Task prompt — Your task is to repeat the entries below exactly and to leave their images out.

Source material —
▽

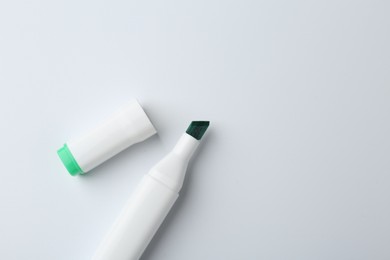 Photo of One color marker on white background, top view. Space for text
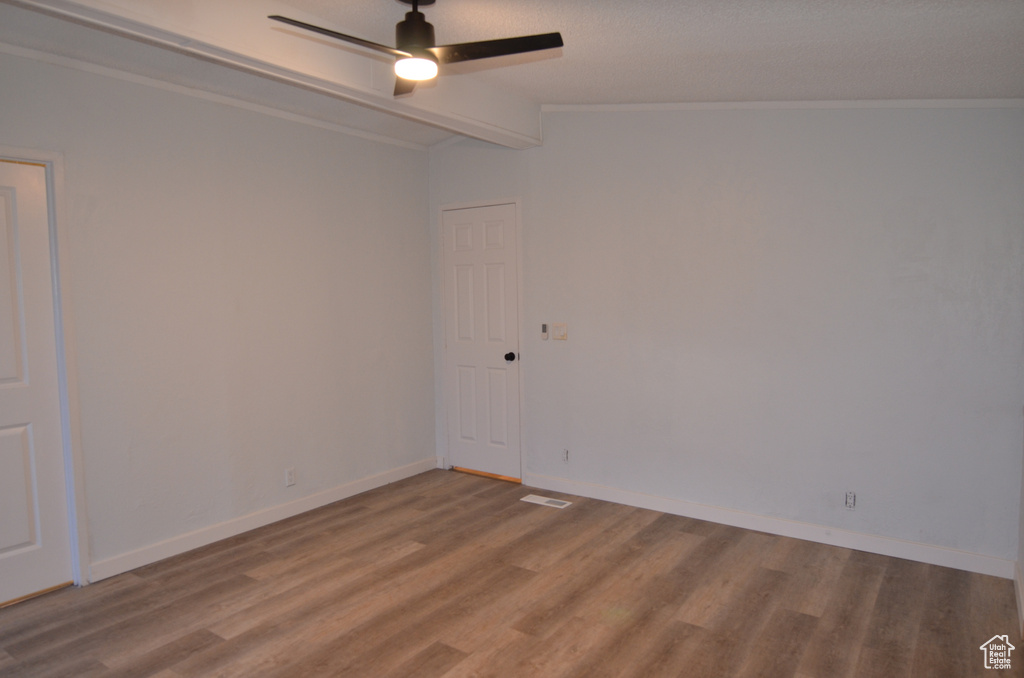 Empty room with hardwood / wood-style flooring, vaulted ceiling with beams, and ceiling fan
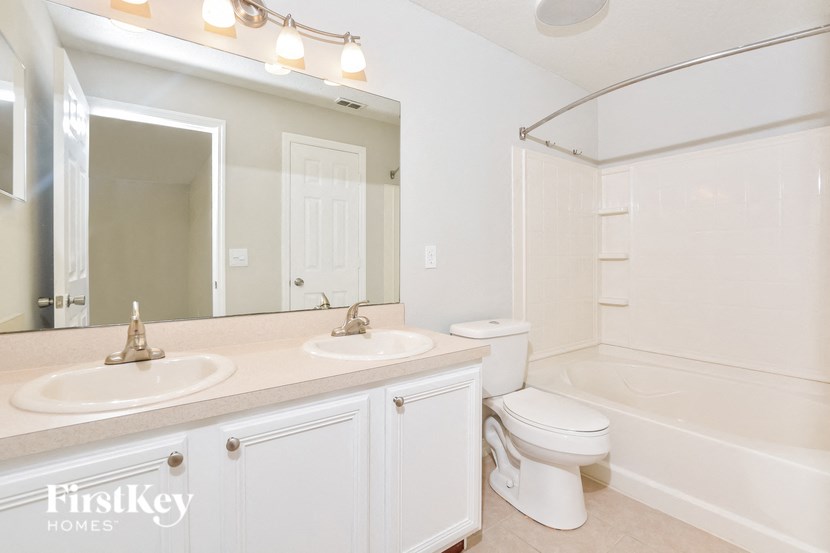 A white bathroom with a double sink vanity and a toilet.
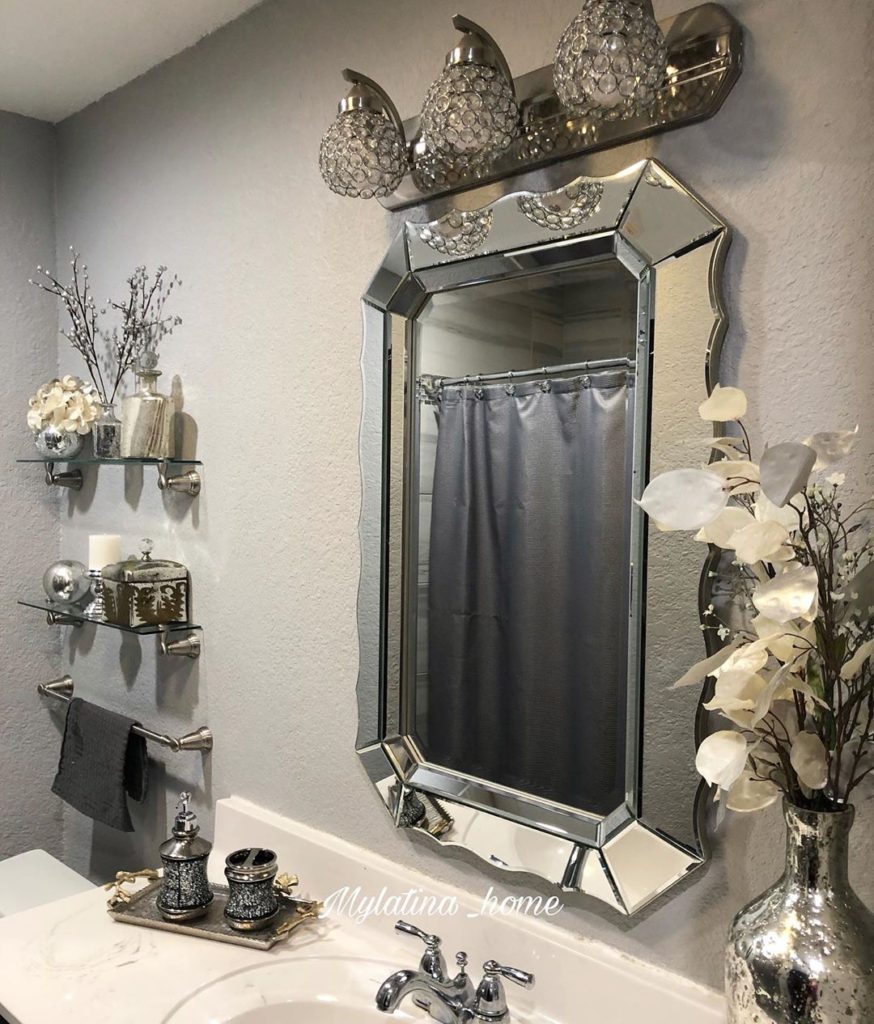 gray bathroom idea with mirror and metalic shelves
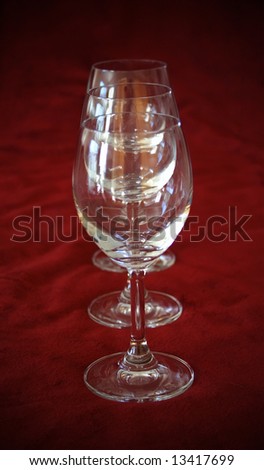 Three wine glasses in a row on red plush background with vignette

△

Solution to this exercise —
 Photo of One color marker on white background, top view. Space for text
 Empty room with hardwood / wood-style flooring, vaulted ceiling with beams, and ceiling fan
 A white bathroom with a double sink vanity and a toilet.
 gray bathroom idea with mirror and metalic shelves
 Three wine glasses in a row on red plush background with vignette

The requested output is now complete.